Function | SQL example |
---|---|
matches | Select count(smiles) from nci.structure where
matches(smiles,'c1ccccc1C(=O)NC'); Select count(smiles) from nci.structure where matches('c1ccccc1C(=O)NC',smiles); -- example 2 -- Select count(smiles) from nci.structure where bit_contains(gfp, fp('c1ccccc1C(=O)NC')) and matches(smiles,'c1ccccc1C(=O)NC'); -- example 3 -- |
count_matches | Select count(smiles) from nci.structure where count_matches(smiles,'[N,n,O,o]')

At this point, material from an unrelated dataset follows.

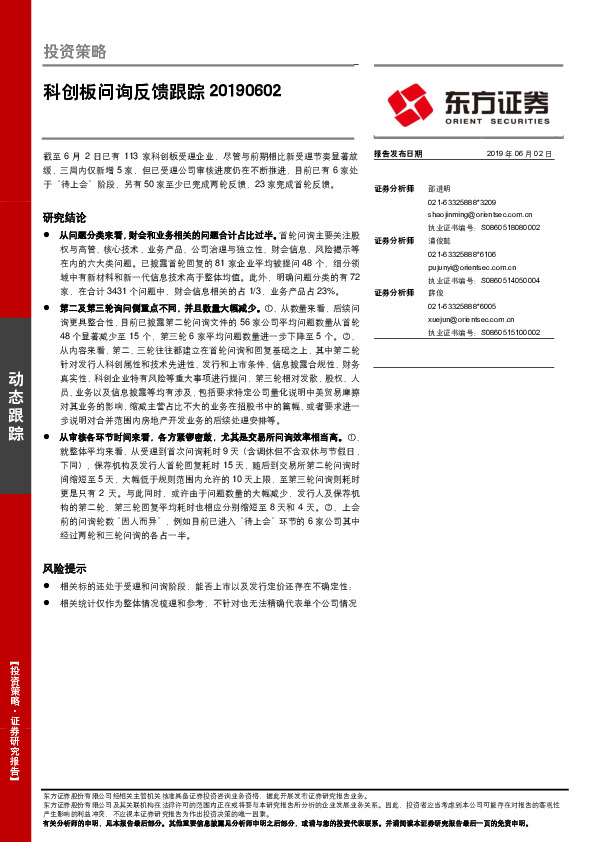科创板问询反馈跟踪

> 5; Update nci.structure set hetero_count = count_matches(smiles,'[!C!c]'); |
list_matches | Select list_matches(smiles,'NSN') from nci.structure
where matches(smiles,'NSN'); Select list_matches(smiles,'NSN',0) from nci.structure where matches(smiles,'NSN'); |
matches(text Smiles, text Smarts) returns boolean
This function takes a Smiles string and and a Smarts string and returns true if the Smarts matches the Smiles; otherwise it returns false. Any valid Smarts string can be specified. When the Smarts is actually a Smiles, this is the classic “search by substructure” that identifies structures containing the second-argument Smiles, without regard to hydrogen atoms.
Hints:
- Switching the arguments, as in example 2 above, is "search for substructures" that identifies structures contained within the second-argument Smiles, without regard to hydrogen atoms.
- The speed of this type of search can be increased by creating a fingerprint column and using it as in example 3 above. Since the fp function requires a Smiles and not a Smarts, this type of speedup cannot be accomplished when you need to match by Smarts.
count_matches(text Smiles, text Smarts) returns integer
This function takes a Smiles string and and a Smarts string and returns the count of the number of times the Smarts matches the Smiles. It will return 0 when the Smarts cannot match the Smiles.
Hints: You could flag structures having more than 5 N and O atoms (ala Lipinski's rules). You could find all structures with between two and five amide bonds. See the description of the tpsa function for a cool use of this function.
list_matches(text Smiles, text Smarts) returns integer[]
This function takes a Smiles string and and a Smarts string and returns a list of the atoms numbers in the Smiles which match the Smarts. It returns an array of integers between 1 and the number of atoms in the Smiles. It returns null if there are no matches. It considers only the first match. See below for a more general function.
Hints: Color atoms which match using MarvinView and it's atom_set feature.
list_matches(text Smiles, text Smarts, integer imatch) returns integer[]
This function takes a Smiles string and and a Smarts string and returns a list of the atoms numbers in the Smiles which match the Smarts. It returns an array of integers between 1 and the number of atoms in the Smiles. The third argument, imatch, specifies which match to consider, when multiple matches occur. If imatch is 0 (or negative), then all matches will be returned. This will be a 2-dimensional array of size Nmatches x Natoms.
Hints: Color atoms which match using MarvinView and it's atom_set feature.